In other words, unless it is clear the witness knows, he is entitled to an explanation of what the subject matter is, and how the questions are pertinent.


We have already shown that the bar admission 'excursion' was ended, and the thread of inquiry was back on the Matusow case, when the questions were posed. Appellant's first words after the Count 1 question were that he understood he was called to testify about the Matusow recantation and he was prepared to answer questions concerning his participation in connection with that matter, but he simply was not going to discuss his 'beliefs, religious, political, economic or social.' Thus he demonstrated he knew the subject was the Matusow case, but claimed he did not think questions as to his possible Communist Party membership were pertinent to it. In so doing appellant showed he was taking the risks inherent in refusing to answer. Of course we are not foreclosed by appellant's statement that he could see no pertinency or relationship between Communist Party affiliation, if any, and the Matusow recantation. It is enough for our purpose that he should have seen the relationship and hence the pertinency.
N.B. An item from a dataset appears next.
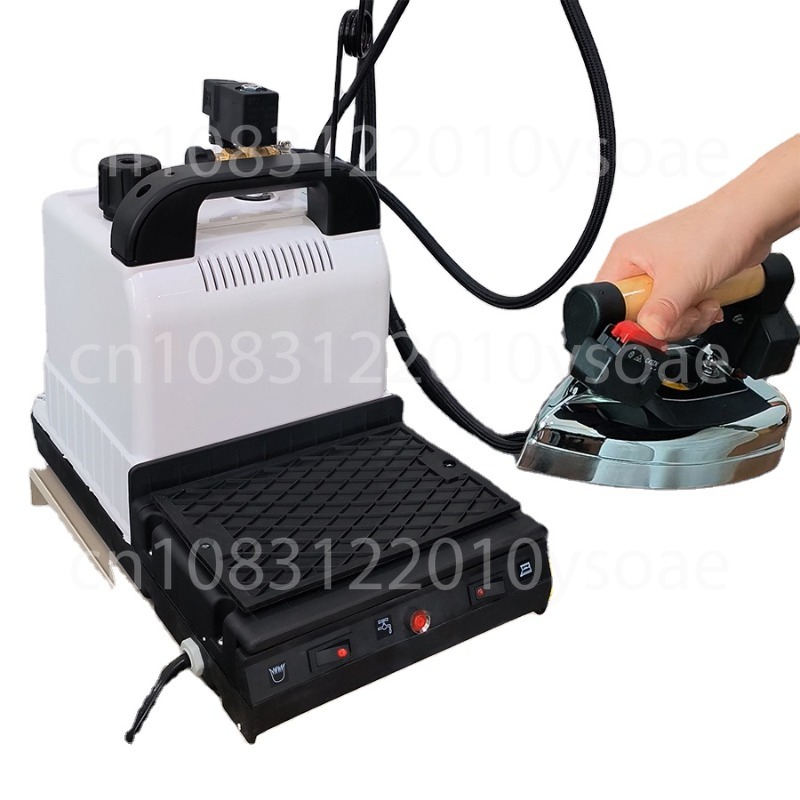 1.8リットル電気スチームアイロン、衣料品店用ハンドヘルドス - Power Tools Store のレビューと価格
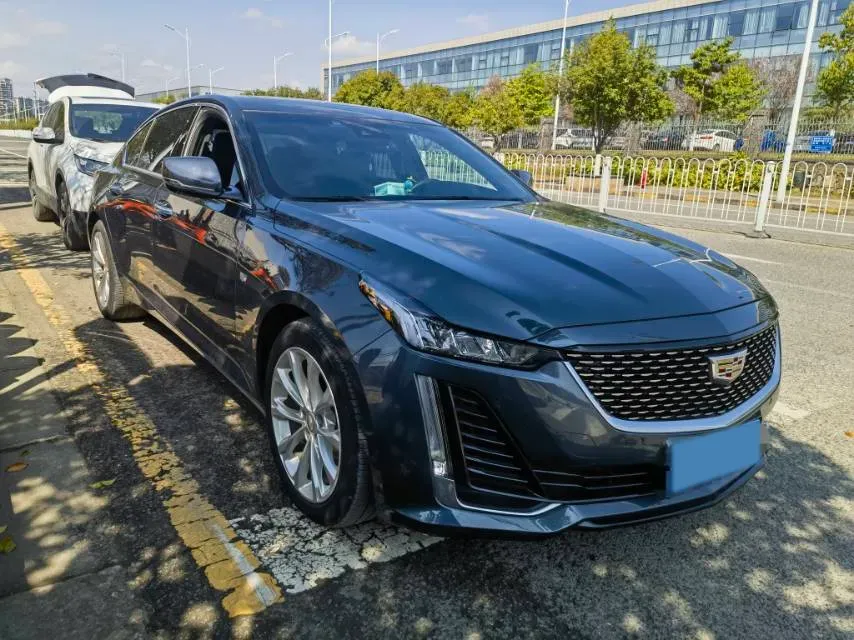 2020 Cadillac CT5 2.0T 241HP L4 10AT,autocango,china used car exporter,china ev exporter,chinese used car exporter,chinese used ev exporter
In order to accept appellant's thesis, that he could not reasonably be held to be aware of pertinency, we must believe that an experienced lawyer could not understand that Communist Party membership would be important in judging the value of the testimony and the credibility of a witness called to testify about his part, if any, in an alleged Communist conspiracy to subvert justice.


In these circumstances we think the explanations, including the Chairman's statement, 'You are subject to cross-examination * * * and that is what the committee is proceeding to do,' would constitute a sufficient explanation even if addressed to a layman; addressed to a seasoned litigation lawyer of thirty years' experience, it was actually superfluous. Nevertheless it was given 'for the record' and fully meets the criteria laid down by the Watkins case. If any witness could ever be in doubt about the pertinency of the instant questions to the inquiry into 'whether Matusow lied when he testified' and whether there was a Communist conspiracy to discredit prosecution of Communist Party members, this appellant is not that map. By the very answers given and statements made in his testimony and which he formally argued in his briefs, appellant demonstrated that no explanation could possibly have satisfied him or added to his knowledge.14


A witness may not frustrate the legitimate process of inquiry by shutting his mind to explanation any more than he could do so by stuffing his ears with cotton to prevent hearing the explanation. And where it is plain and clear that any reasonable man would grasp the pertinency of the question without explanation it would be sheer nonsense for courts to say that none the less someone must, as by playing a mechanically recorded message, parrot to the witness a recital of that which the evidence shows he knows.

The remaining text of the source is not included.